Thanks for opening the sharing on Trad.4, Richard. Not much difference here on the computer, to usual Tradition meetings - People are usually conspicuous by their absence at Trad. meetings(LOL) I stayed away from the traditions meetings for long enough myself - Until I got sick of being sick, then I attended any meeting available. The best literature, IMHO, which explains Tradition four in its simplicity, and in Bill W's own words, is The Language of the Heart(Bill W's Grapevine Writings) Pages 80-82. "...With respect to its own affairs, the group may make decisions, adopt any attitude it likes. No overall or intergroup authority should challenge this primary privilege. We feel this ought to be so, even though the group might sometimes act with complete indifference to our Traditions...." Today, I try to practise all of AA's principles in all my affairs, and since I am very involved in service, and have been for some time now, I have to have a good working knowledge of the traditions as well as the steps. In certain areas of service (eg. PICPC) it is so easy to go off 'Half-cocked' with a big ego which says "I AM IMPORTANT - Look at ME" (I speak from early experience of service in this area - LOL) Thank God it was much later that I was entrusted with the post of P.I. Officer at Intergroup level, and through earlier mistakes (And a damn good service sponsor) I had learnt a few valuable lessons in 'How NOT To' Thank God, that the meetings in which I found sobriety (Mainly South and West Yorkshire - UK) the traditions were discussed regularly (Usually, after every fourth step, there was a tradition meeting) which was never well attended, but the people who DID attend, knew what I needed to hear. I am grateful to all whose experience was passed on to me, and I have found a whole new circle of friends here in Cyberspace, and I wanna thank each & every one of you for being here for me. God Bless you all

Member: Mary H
Location: NH
Date: 26 Apr 1999
Time: 18:44:34


This tradition helps us to keep it simple.

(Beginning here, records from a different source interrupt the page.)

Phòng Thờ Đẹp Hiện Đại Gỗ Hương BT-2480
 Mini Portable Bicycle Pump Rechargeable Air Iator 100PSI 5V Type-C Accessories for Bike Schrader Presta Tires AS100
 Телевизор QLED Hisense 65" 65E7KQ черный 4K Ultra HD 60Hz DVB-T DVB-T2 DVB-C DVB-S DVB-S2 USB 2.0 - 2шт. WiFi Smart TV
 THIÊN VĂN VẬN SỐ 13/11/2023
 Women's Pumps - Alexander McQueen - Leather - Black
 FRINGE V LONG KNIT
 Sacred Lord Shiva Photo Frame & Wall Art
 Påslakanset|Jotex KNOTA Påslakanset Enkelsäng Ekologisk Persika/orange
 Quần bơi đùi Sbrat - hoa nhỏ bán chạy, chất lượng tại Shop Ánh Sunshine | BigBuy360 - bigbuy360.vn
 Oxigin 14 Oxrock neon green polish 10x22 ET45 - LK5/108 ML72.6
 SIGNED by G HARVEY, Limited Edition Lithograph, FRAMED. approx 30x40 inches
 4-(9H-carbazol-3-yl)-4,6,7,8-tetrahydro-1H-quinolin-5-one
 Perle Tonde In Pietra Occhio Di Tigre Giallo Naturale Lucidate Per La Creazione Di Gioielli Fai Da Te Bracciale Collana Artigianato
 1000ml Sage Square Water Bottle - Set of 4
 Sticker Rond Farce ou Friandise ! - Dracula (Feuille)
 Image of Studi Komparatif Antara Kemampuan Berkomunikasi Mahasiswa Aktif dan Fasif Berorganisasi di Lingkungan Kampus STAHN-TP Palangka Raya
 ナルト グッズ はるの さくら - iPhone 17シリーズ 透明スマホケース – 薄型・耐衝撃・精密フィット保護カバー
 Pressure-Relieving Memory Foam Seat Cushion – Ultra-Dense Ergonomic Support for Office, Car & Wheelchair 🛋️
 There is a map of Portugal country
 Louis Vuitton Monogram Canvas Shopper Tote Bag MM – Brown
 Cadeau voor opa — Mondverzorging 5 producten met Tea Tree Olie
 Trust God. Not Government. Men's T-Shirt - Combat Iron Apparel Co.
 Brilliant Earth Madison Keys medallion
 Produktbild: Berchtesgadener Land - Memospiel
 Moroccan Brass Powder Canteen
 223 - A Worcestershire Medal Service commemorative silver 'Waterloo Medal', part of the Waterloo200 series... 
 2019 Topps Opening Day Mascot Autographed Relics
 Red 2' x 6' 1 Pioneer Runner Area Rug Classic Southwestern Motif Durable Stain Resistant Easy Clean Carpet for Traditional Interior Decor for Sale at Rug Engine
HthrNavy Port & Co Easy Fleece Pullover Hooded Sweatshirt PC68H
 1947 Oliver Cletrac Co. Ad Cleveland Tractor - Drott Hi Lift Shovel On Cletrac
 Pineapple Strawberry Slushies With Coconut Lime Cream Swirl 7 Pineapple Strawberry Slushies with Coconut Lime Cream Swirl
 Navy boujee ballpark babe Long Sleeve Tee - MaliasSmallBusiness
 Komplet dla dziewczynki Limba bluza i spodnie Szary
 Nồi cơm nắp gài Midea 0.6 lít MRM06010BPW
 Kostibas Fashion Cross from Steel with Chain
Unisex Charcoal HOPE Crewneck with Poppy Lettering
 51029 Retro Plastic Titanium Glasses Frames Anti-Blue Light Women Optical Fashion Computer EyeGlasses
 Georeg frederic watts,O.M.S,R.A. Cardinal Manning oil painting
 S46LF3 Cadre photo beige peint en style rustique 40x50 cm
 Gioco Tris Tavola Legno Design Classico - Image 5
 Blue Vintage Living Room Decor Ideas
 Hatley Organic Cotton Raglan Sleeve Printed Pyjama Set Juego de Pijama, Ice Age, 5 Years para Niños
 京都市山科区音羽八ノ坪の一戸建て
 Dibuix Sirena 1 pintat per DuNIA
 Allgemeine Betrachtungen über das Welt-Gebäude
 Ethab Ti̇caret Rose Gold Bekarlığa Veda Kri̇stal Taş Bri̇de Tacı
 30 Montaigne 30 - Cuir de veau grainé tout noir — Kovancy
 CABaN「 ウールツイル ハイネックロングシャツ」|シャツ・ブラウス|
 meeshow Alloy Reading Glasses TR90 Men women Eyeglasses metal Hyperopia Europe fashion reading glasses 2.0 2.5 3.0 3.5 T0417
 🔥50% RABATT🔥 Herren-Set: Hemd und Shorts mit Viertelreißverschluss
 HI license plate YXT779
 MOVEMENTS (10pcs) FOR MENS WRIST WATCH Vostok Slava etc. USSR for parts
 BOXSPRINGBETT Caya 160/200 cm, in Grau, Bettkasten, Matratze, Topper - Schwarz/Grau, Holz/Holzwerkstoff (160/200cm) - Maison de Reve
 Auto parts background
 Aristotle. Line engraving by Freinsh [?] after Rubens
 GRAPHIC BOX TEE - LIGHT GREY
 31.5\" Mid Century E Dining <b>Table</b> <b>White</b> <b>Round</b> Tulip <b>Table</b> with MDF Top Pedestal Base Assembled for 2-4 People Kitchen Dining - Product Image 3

It also allows us to have God decide how each group individually should operate. One time we formed a group named mother's hours. It was in the basement of a church were children were encourage to come and play in the play room while the parents had the meeting. I also have been involved in a meeting that paid a babysitter with the collection. Again, so parents could listen at the meeting while children played in the other room. But then there are closed meetings, were it is suggested that children not be present. Imagaine the kaos if one group tried to put it's practice across the board. There wouldn't be autonomy, that's for sure.

I love A.A. and I thank God for it in my life.

Member: BOB T
Location: St. Louis, MO
Date: 26 Apr 1999
Time: 20:52:04


On investigating the Traditions I like to look at the long form of which the 4th trad says.

"With respect to its own affairs, each group should be responsible to no other authority than its own conscience. But when its plans concern the welfare of neighboring groups also, those groups ought to be consulted. And no group, regional committee, or individual should ever take any action that might greatly affect A.A. as a whole without conferring with the trustees of the General Service Board. On such issues our common welfare is paramount."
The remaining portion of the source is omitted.